**Provided records**.

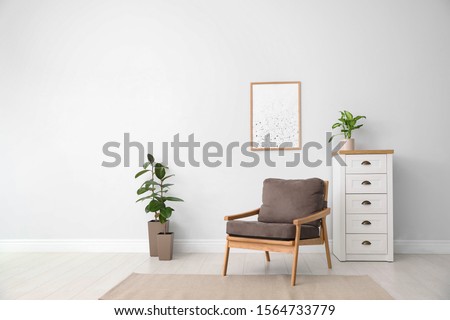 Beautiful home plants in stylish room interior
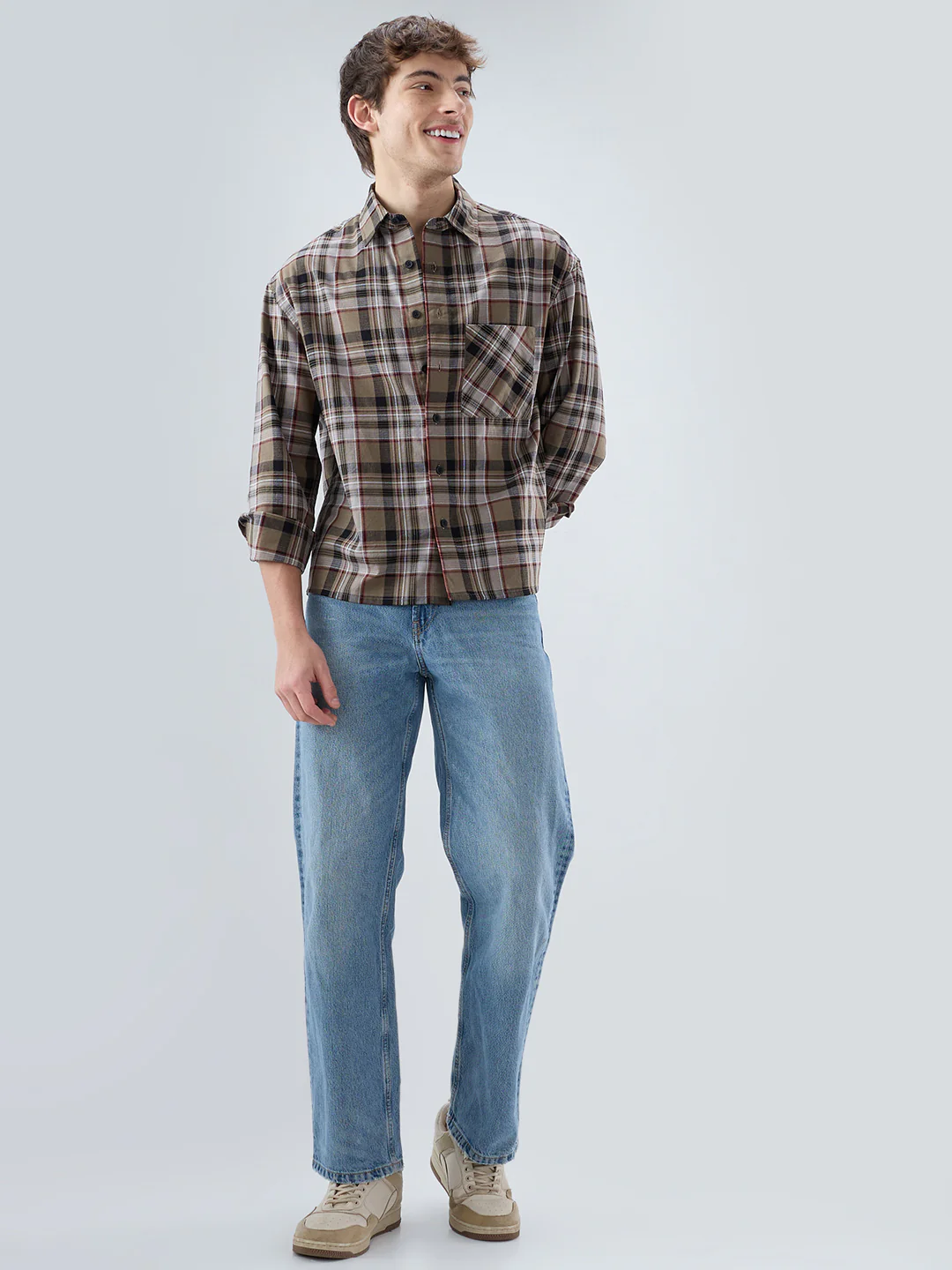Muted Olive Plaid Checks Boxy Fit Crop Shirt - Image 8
...
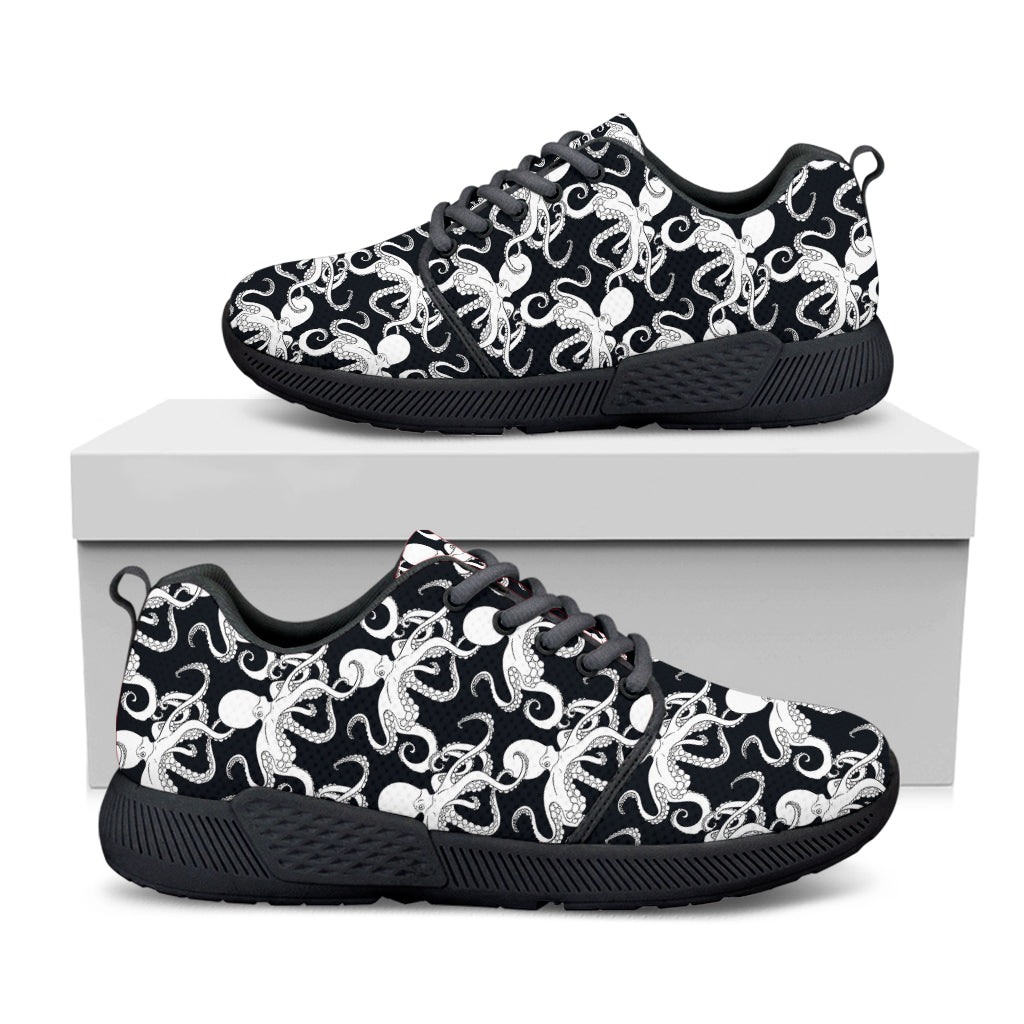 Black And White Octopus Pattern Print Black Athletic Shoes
==
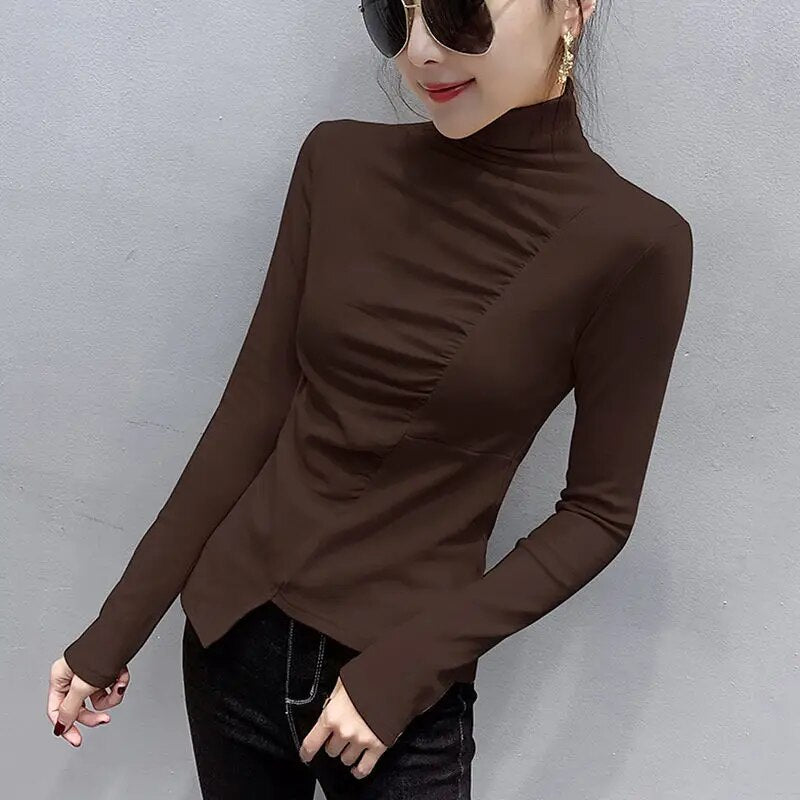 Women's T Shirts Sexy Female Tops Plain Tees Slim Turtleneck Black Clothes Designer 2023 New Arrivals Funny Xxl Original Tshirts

**Work instruction**. Look above for the line with "Beautiful home plants"; quote it and every line after it, stopping after the line with "Muted Olive Plaid", exactly, with nothing added and without pictures.

**Response for this exercise**.
 Beautiful home plants in stylish room interior
Muted Olive Plaid Checks Boxy Fit Crop Shirt - Image 8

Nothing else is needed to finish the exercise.